Kelima calon penumpang yang seharusnya berangkat ialah Gracenata Tanudjaja, Peggy Stevi Kurniawati, Ashton Hayden Tan, Peggy Fanny Kurniawati, dan Audrey Harper Tan.

Menurut dakwaan, terdakwa sempat berjanji akan mengganti tiket dan berkomunikasi melalui pesan WhatsApp. Akan tetapi, hingga waktu keberangkatan berlalu, tiket pengganti tak pernah diberikan dan persoalan tak kunjung terselesaikan.

Korban juga telah menempuh berbagai upaya, mulai dari menghubungi terdakwa secara langsung hingga melayangkan somasi agar uang dikembalikan. Namun permintaan tersebut tidak dipenuhi sehingga perkara akhirnya dilaporkan ke Polrestabes Surabaya.

Dalam dakwaan alternatif, jaksa juga mengungkap hasil pemeriksaan terhadap terdakwa yang mengakui uang pembayaran tiket tersebut tidak digunakan untuk membeli tiket pesawat sebagaimana mestinya. Dana itu disebut dipakai untuk membayar utang serta memenuhi kepentingan pribadi terdakwa.
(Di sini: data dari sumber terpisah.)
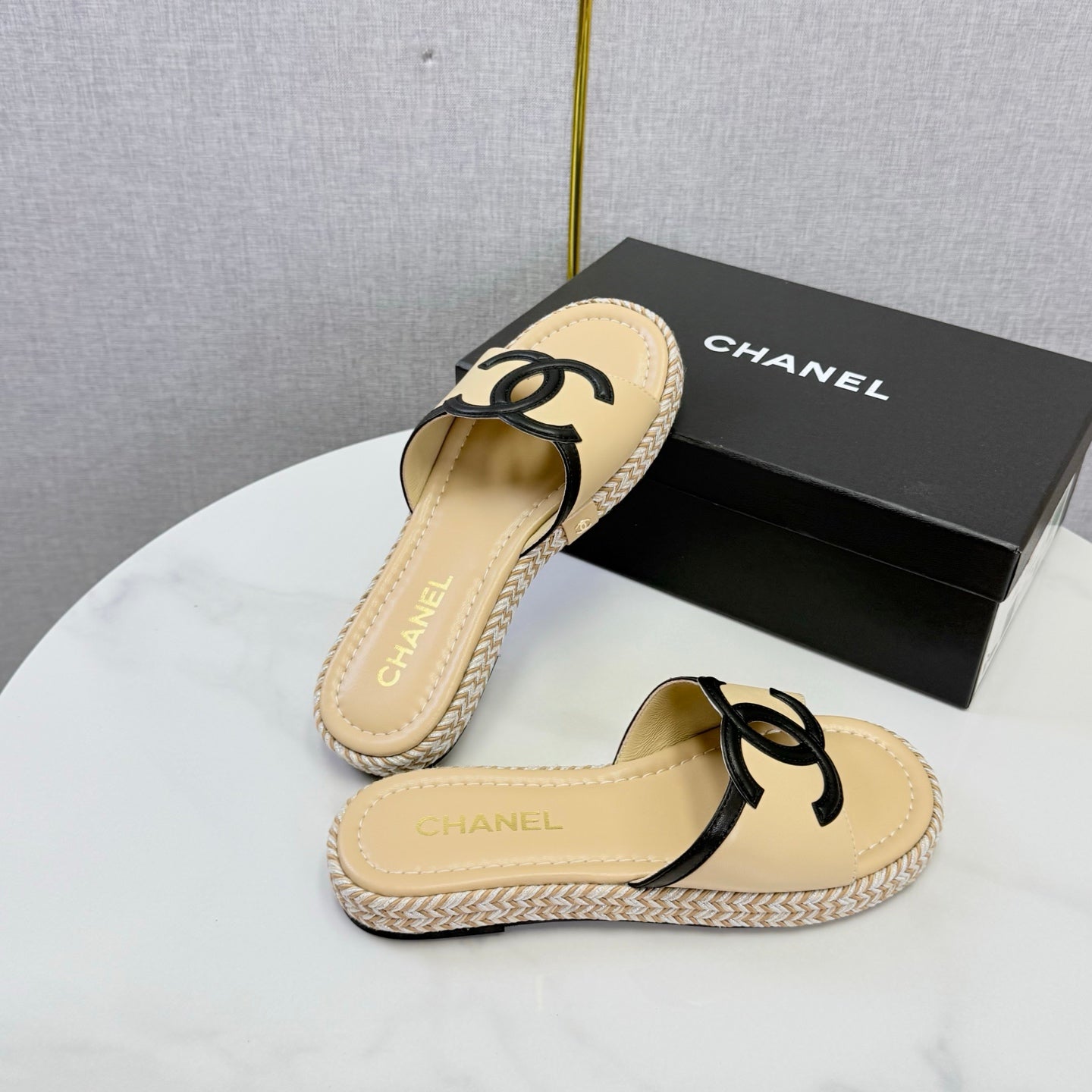 CHANEL 26S PLATFORM SLIDES IN BEIGE LAMBSKIN WITH CC LOGO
Atas perbuatannya, Leng Steven Santoso didakwa melanggar Pasal 492 Undang-Undang Nomor 1 Tahun 2023 tentang Kitab Undang-Undang Hukum Pidana mengenai penipuan. Sebagai dakwaan alternatif, jaksa juga mendakwanya dengan Pasal 486 UU Nomor 1 Tahun 2023 tentang penggelapan.
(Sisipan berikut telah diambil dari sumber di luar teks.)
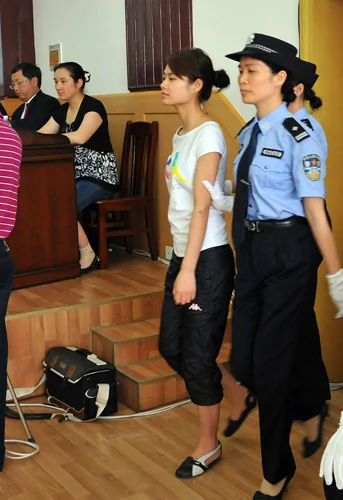 6月16日上午，巴東縣人民法院庭審現場，鄧玉嬌被法警帶入法庭。
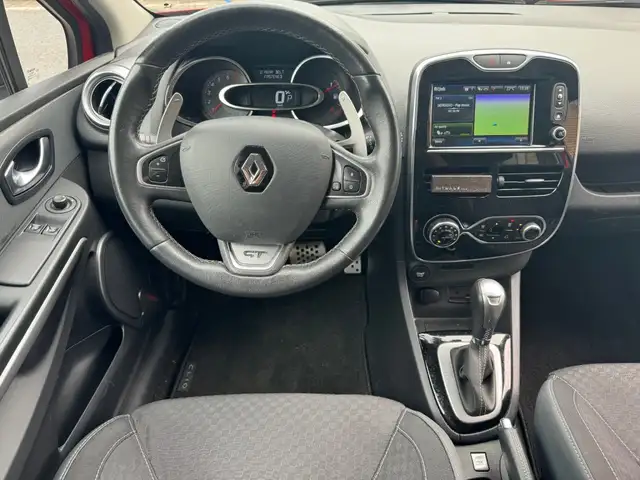 Renault Clio view 2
Dalam persidangan pembacaan tuntutan, Rabu, 15 Juli 2026, Jaksa Penuntut Umum Damang Anubowo menyatakan terdakwa terbukti bersalah sebagaimana dakwaan pertama. Jaksa menuntut Leng Steven Santoso dengan pidana penjara selama 1 tahun 10 bulan, dikurangi masa penahanan yang telah dijalani.

Selain pidana, jaksa meminta majelis hakim menetapkan sejumlah barang bukti, di antaranya dokumen perusahaan, rekening koran perbankan, invoice transaksi, tangkapan layar percakapan WhatsApp, tiket penerbangan, hingga dokumen somasi, tetap terlampir dalam berkas perkara sebagai bagian dari pembuktian di persidangan.